EXCERPTED DATA

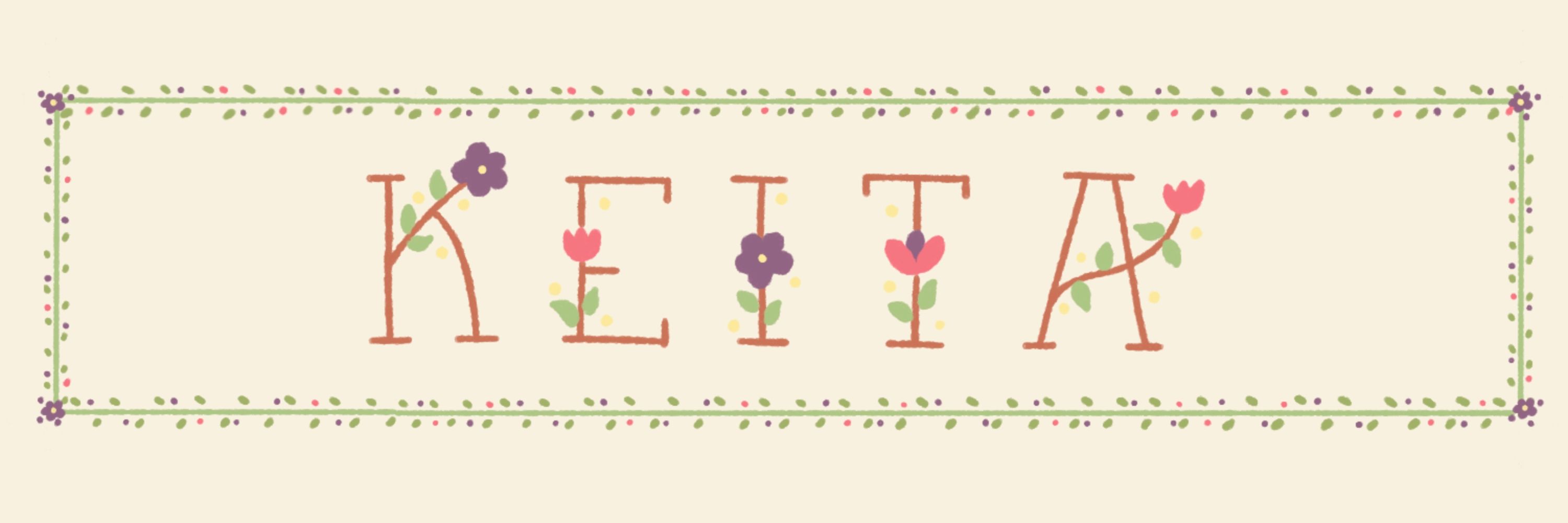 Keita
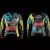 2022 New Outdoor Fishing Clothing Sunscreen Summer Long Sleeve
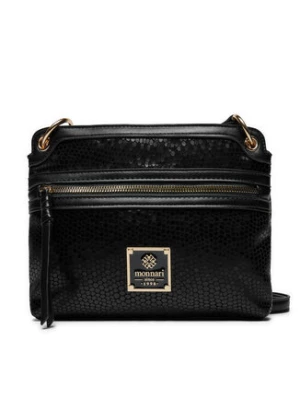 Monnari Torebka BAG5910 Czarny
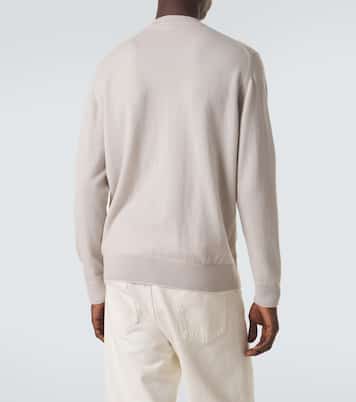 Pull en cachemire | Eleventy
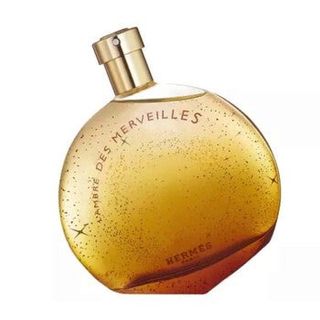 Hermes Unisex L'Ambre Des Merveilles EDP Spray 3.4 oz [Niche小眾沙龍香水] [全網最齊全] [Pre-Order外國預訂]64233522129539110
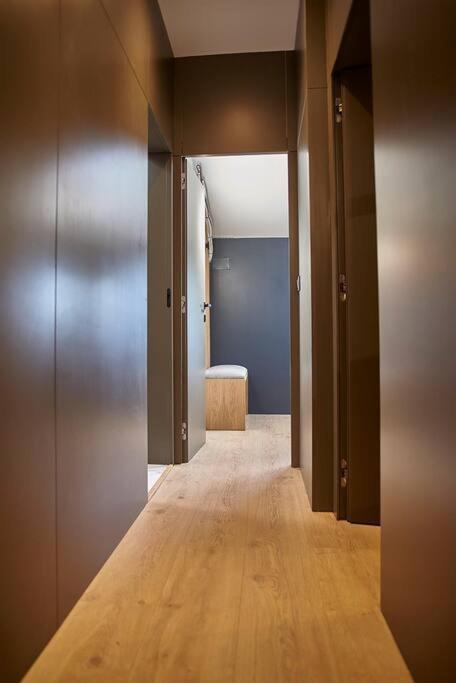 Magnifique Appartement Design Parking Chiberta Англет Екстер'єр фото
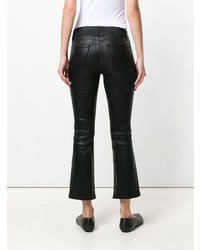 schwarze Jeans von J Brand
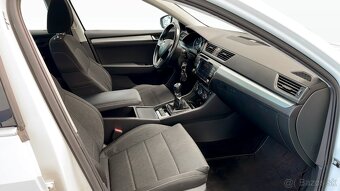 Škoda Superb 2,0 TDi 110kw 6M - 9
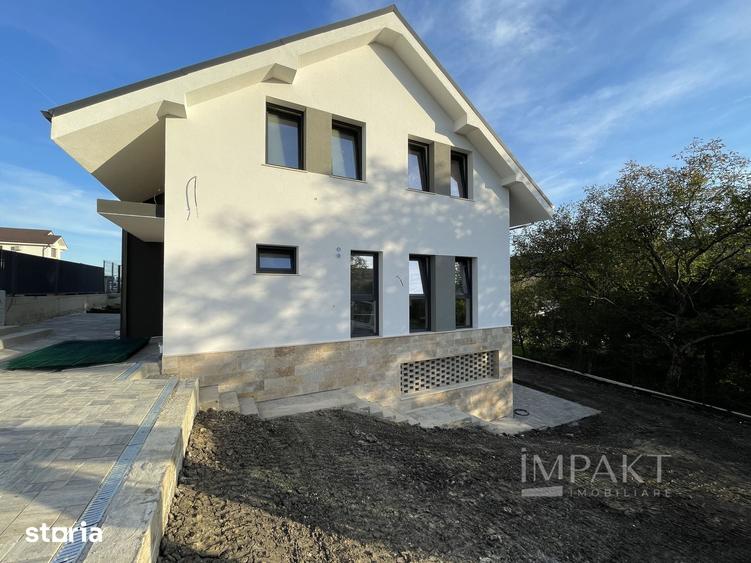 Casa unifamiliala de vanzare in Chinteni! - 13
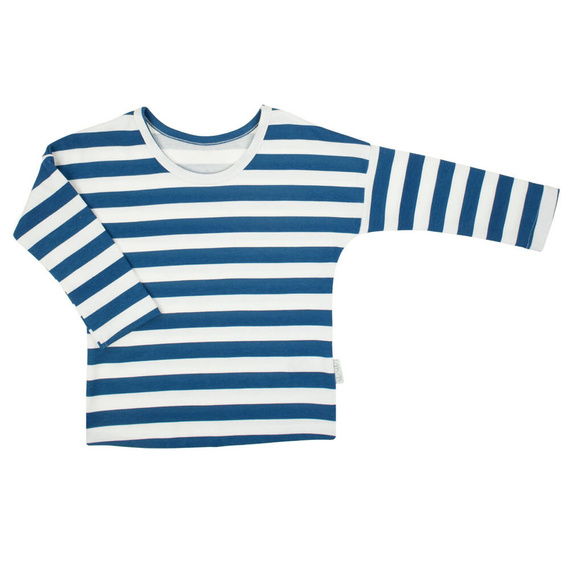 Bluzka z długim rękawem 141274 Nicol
--
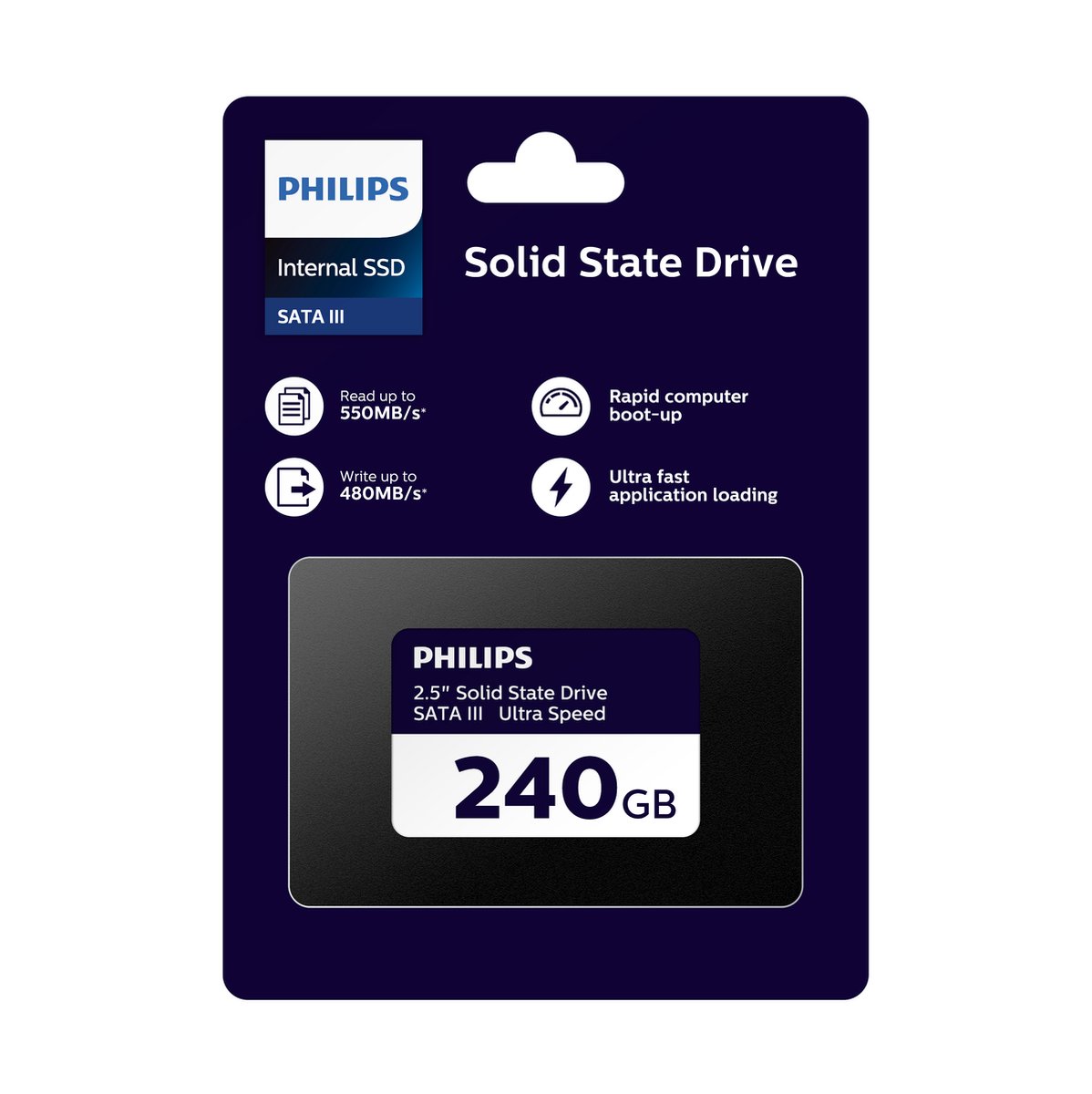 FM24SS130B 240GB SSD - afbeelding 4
--
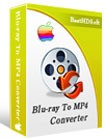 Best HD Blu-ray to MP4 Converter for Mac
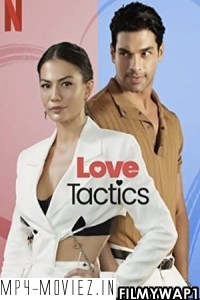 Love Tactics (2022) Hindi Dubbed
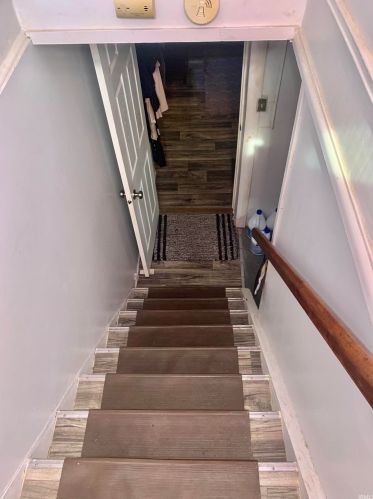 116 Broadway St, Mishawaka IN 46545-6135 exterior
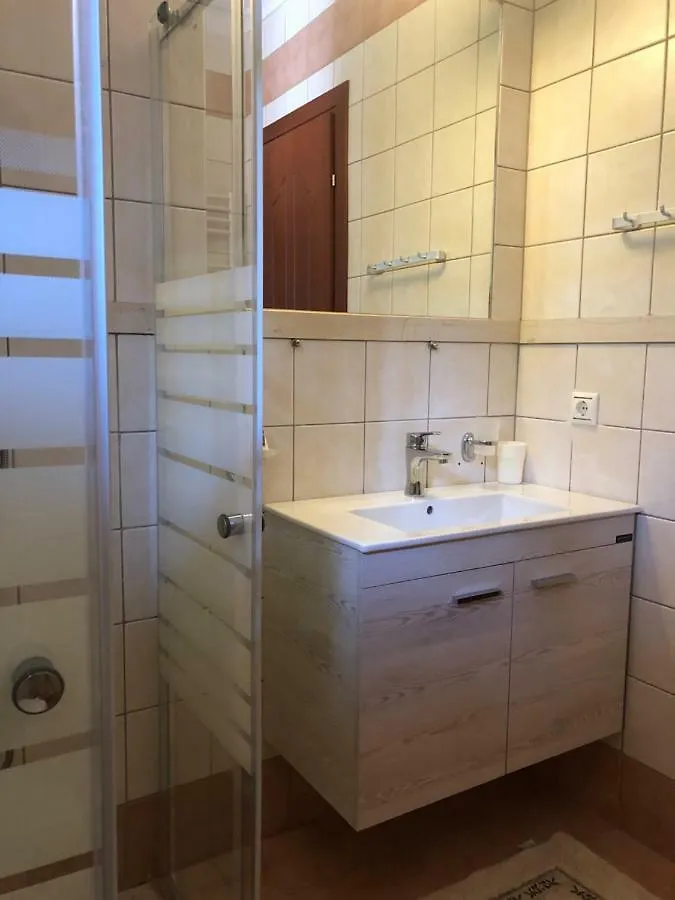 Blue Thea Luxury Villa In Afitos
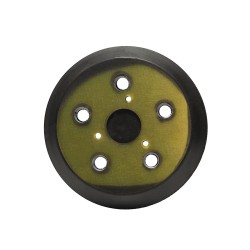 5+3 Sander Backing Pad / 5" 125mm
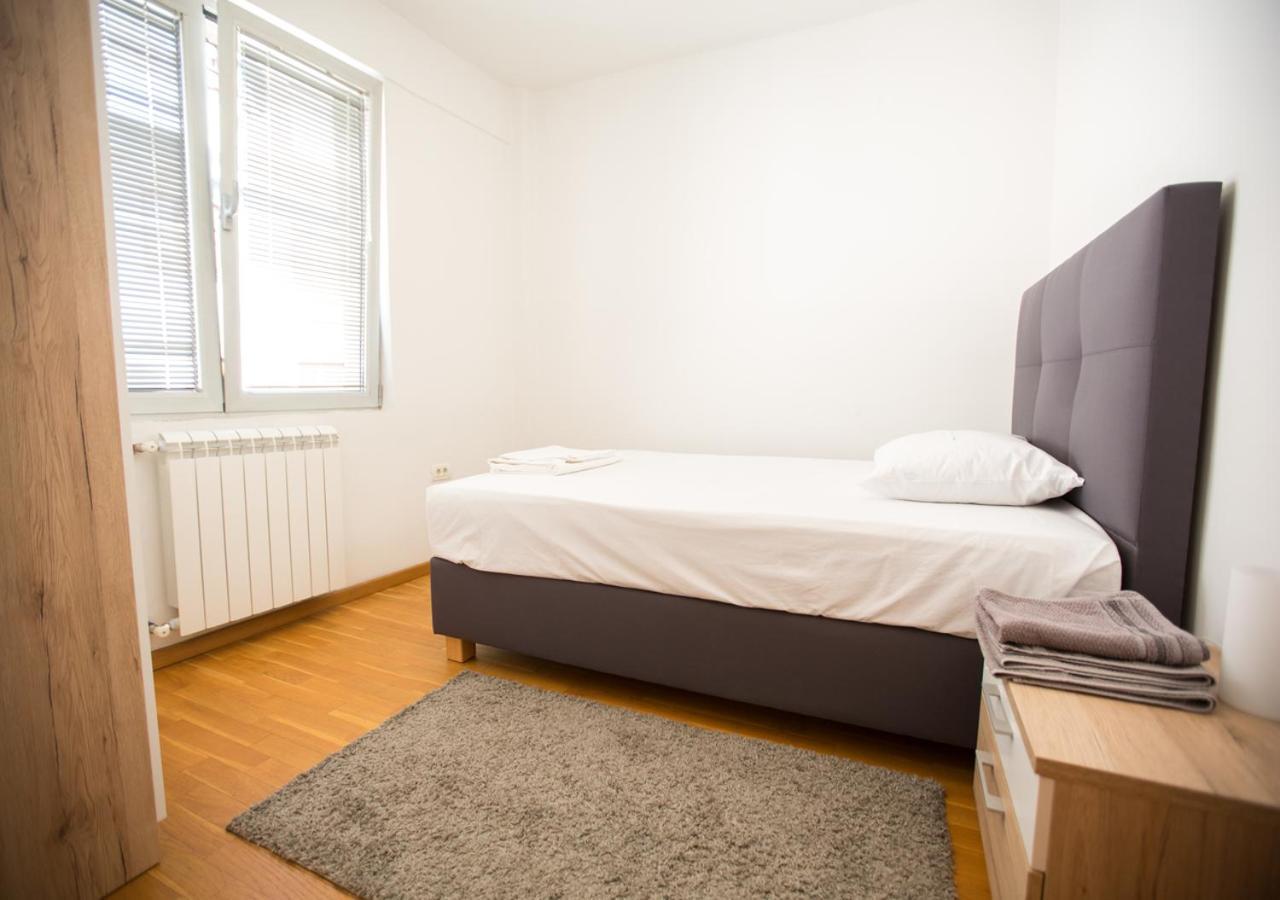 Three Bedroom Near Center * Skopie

INSTRUCTIONS TO FOLLOW
Look above for the line with "Monnari Torebka BAG5910 Czarny" and the line with "Bluzka z długim rękawem 141274 Nicol". Copy them and every line between, exactly, but no pictures.

EXERCISE SOLUTION
 Monnari Torebka BAG5910 Czarny
 Pull en cachemire | Eleventy
 Hermes Unisex L'Ambre Des Merveilles EDP Spray 3.4 oz [Niche小眾沙龍香水] [全網最齊全] [Pre-Order外國預訂]64233522129539110
 Magnifique Appartement Design Parking Chiberta Англет Екстер'єр фото
 schwarze Jeans von J Brand
 Škoda Superb 2,0 TDi 110kw 6M - 9
 Casa unifamiliala de vanzare in Chinteni! - 13
 Bluzka z długim rękawem 141274 Nicol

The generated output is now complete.